Guy Kawasaki’s Peter Principle Pop Quiz

Guy just posted a pop quiz over at his American Express blog that melds the culprits of the financial meltdown (plus a few politicians) with the crazy language — my favorite jargon monoxide of all time — from The Peter Principle.  Here are two sample questions, but you need to go to Guy's site to take the whole pop quiz:

  • Richard Wagoner’s record at GM proves which Peter axiom?

    1. In a hierarchy every employee tends to rise to his level of incompetence.

    2. The incompetent supervisor evaluates input, not output.

    3. The habitually incompetent can, by random action, be right once in a while.

    Answer: 1. Obviously. [2: Wrong. Both inputs and outputs tanked. 3: Wrong. When was he ever right?]

  • Which of Peter’s axioms best explains Bernie Madoff?

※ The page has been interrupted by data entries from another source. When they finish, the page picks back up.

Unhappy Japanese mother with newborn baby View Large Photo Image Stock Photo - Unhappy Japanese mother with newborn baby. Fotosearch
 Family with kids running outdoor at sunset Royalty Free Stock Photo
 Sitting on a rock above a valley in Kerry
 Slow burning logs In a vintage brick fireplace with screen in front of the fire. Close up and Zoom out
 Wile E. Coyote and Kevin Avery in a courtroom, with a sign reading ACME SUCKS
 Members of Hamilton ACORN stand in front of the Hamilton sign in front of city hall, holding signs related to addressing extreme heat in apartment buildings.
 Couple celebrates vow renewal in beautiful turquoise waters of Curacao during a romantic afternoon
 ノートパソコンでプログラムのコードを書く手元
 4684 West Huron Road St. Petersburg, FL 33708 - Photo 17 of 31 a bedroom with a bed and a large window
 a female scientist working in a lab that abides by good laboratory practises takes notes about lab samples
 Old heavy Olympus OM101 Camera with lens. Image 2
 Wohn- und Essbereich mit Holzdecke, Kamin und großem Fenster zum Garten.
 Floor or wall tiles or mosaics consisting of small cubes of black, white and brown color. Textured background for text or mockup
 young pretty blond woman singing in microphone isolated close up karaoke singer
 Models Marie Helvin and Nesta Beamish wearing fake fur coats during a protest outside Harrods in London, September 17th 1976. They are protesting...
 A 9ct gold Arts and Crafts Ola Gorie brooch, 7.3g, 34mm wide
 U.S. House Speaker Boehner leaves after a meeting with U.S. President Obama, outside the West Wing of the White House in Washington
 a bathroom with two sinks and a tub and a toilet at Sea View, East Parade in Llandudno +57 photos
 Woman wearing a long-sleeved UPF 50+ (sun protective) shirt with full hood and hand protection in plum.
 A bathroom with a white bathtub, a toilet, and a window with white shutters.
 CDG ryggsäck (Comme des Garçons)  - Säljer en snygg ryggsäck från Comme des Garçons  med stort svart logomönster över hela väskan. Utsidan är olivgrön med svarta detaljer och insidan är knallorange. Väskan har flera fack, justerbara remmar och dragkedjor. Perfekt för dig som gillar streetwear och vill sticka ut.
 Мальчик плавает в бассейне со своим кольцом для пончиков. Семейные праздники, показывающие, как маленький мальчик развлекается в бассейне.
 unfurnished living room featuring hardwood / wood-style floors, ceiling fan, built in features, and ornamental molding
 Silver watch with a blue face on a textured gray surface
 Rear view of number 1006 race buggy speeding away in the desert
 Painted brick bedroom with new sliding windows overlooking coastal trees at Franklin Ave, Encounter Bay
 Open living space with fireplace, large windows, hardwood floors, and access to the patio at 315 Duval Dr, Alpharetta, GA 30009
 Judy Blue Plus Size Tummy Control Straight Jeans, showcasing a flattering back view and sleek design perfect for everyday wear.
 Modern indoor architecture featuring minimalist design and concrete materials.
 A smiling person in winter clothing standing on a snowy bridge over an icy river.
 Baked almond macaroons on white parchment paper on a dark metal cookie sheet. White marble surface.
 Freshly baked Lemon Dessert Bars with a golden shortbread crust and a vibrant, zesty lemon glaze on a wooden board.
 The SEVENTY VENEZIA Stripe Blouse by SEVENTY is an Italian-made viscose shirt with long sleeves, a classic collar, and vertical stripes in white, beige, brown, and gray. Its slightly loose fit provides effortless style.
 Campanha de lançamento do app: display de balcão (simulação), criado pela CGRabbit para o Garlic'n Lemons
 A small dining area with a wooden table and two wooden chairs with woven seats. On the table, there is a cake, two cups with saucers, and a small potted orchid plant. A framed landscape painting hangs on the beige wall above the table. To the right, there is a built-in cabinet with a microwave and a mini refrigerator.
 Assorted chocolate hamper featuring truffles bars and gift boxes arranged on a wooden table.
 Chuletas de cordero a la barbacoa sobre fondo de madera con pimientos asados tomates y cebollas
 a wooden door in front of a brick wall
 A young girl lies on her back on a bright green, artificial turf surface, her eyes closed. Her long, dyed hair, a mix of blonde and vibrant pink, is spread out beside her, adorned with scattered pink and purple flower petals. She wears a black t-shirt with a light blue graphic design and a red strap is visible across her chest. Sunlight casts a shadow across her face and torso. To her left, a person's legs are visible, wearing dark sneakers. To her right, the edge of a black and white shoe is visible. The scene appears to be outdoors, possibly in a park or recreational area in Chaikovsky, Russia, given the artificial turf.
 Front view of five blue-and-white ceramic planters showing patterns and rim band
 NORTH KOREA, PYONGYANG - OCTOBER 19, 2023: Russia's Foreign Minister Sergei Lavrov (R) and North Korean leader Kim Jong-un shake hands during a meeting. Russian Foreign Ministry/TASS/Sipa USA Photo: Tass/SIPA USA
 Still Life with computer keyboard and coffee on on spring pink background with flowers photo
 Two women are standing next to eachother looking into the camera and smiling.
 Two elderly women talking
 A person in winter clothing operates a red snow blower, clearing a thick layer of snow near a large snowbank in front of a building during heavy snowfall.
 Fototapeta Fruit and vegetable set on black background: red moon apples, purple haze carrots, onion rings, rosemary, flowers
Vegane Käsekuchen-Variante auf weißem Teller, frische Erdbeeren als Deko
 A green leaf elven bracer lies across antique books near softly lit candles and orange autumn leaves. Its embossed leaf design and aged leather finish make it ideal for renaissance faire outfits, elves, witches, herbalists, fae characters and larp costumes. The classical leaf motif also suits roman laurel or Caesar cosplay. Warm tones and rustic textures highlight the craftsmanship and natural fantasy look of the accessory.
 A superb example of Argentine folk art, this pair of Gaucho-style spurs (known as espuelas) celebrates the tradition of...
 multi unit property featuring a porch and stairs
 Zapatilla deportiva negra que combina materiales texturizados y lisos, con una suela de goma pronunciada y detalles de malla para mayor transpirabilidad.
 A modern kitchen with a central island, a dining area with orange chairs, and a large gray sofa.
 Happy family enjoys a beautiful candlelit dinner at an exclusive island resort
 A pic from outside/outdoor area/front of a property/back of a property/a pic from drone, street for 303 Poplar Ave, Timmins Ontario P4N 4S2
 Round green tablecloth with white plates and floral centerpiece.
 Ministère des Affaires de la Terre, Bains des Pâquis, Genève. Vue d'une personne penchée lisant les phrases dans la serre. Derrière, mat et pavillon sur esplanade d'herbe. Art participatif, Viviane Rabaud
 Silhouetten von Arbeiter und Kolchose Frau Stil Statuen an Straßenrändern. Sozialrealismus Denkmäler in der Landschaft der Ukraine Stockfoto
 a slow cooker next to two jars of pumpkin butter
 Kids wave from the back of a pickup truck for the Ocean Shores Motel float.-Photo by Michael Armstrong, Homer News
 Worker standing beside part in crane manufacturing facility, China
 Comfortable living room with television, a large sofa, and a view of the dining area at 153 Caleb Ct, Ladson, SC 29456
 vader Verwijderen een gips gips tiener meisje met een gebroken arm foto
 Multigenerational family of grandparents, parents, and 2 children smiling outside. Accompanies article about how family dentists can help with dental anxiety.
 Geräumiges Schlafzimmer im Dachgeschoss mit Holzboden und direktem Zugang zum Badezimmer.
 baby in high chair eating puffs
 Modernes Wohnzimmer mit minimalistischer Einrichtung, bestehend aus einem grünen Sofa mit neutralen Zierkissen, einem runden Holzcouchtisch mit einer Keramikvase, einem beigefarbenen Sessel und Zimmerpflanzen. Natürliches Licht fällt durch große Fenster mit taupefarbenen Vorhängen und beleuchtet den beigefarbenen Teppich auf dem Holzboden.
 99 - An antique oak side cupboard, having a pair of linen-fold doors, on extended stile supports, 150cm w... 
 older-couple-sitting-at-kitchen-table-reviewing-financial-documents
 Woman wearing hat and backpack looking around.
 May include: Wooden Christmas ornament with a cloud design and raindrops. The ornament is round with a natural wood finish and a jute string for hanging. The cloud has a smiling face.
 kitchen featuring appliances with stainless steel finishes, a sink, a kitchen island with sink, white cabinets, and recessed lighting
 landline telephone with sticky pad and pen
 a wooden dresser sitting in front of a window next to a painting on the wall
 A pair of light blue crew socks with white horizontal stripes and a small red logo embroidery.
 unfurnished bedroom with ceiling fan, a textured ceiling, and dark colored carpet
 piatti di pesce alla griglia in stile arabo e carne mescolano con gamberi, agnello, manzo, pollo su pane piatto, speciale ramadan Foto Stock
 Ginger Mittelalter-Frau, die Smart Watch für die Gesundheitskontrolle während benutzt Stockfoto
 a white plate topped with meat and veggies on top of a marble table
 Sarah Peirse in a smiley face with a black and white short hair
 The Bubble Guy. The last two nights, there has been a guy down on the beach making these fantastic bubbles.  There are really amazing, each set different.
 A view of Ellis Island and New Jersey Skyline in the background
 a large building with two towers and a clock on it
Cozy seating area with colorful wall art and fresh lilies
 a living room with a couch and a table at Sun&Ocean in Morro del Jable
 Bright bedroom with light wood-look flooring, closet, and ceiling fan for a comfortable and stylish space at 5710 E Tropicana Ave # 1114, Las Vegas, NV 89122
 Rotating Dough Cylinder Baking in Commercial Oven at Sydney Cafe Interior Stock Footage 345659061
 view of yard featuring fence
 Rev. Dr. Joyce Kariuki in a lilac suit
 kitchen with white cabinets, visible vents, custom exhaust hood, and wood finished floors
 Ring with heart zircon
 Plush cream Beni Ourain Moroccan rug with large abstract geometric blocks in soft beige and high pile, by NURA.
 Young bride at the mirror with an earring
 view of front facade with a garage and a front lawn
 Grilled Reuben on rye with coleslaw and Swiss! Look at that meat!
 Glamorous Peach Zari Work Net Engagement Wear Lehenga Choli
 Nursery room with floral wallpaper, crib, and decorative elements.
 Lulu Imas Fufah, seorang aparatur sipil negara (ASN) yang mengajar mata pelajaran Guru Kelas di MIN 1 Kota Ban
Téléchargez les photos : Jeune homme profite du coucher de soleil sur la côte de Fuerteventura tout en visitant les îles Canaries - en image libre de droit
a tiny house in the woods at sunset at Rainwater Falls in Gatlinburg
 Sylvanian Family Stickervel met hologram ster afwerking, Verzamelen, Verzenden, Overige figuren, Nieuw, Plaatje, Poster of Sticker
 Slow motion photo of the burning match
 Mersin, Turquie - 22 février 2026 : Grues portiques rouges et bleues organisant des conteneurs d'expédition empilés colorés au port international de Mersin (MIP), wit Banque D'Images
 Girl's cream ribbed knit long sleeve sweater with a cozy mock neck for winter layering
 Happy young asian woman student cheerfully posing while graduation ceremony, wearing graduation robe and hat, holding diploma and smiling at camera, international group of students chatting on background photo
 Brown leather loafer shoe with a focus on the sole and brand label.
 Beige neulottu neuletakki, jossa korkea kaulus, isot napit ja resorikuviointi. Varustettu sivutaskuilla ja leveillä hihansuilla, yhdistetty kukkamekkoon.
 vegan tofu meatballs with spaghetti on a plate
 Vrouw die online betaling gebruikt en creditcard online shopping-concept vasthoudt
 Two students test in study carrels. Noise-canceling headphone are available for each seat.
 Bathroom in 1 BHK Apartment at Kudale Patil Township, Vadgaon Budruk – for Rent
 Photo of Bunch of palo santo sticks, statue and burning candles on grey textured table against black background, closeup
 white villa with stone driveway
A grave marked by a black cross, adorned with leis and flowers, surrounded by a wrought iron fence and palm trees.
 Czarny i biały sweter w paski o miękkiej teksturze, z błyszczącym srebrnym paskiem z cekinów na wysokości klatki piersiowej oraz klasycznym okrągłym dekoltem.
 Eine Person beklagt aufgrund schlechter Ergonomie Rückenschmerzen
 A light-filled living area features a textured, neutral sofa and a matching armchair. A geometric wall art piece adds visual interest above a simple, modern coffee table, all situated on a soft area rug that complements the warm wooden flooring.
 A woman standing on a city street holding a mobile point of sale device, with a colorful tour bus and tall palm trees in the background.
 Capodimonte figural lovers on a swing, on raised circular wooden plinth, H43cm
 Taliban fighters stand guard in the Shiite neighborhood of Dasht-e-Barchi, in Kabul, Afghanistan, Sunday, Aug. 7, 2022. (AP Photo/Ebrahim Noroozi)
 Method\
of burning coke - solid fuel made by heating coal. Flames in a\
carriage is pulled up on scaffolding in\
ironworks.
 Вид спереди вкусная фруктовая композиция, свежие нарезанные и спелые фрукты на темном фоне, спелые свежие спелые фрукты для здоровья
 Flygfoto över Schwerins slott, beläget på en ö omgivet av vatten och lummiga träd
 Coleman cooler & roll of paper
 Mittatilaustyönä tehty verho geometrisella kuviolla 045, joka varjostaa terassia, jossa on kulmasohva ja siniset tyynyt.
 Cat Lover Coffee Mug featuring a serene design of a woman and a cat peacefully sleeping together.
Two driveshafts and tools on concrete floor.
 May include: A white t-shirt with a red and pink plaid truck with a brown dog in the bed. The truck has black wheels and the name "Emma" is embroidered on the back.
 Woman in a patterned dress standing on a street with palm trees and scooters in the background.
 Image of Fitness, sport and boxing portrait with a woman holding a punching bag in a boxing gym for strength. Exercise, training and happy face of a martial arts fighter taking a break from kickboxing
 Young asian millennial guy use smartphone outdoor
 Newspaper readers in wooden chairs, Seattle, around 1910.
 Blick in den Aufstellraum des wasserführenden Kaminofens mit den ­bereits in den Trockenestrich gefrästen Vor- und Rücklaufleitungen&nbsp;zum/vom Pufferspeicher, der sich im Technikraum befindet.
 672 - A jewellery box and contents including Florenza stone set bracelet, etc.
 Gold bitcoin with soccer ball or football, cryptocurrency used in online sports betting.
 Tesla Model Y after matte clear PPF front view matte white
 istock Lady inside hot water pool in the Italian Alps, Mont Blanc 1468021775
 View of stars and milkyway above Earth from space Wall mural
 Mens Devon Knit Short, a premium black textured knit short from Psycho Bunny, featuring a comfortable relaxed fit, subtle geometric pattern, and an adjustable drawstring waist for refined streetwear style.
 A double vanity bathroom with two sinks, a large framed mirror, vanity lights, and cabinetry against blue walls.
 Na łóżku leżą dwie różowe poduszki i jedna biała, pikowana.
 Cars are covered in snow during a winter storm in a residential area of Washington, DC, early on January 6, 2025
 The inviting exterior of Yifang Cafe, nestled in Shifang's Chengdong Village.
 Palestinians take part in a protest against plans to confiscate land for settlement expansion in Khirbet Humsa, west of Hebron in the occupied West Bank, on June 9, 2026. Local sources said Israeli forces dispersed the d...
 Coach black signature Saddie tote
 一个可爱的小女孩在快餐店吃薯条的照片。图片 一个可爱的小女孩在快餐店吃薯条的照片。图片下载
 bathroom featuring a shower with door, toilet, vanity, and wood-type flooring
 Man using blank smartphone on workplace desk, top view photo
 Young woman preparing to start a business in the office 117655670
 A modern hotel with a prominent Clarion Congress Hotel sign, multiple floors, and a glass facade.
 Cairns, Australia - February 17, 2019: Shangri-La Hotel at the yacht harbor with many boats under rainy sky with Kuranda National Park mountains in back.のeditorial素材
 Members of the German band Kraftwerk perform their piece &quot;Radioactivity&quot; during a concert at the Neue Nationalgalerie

    1. Gargantuan Monumentalis: giant burial park, big mausoleum, and huge tombstone syndrome.

    2. Rigor Cartis—abnormal interest in charts, with dwindling concern for realities that the charts represent.

    3. Image Replaces Performance—a substitution technique involving smoke and mirrors.

    4. 2 and 3 only.

    Answer: 4: Correct. At least, this explains his clients. [1: Wrong:
    you’re confusing Madoff with Robert Stanford. 2: True, but not the
    entire answer. 3: True, but not the entire answer.]

I love the quiz because it shows how, although the times have changed, the concepts in the Peter Principle apply as well as they did 40 years ago, and the language that Dr. Peter invented remains as funny — and accurate — as ever.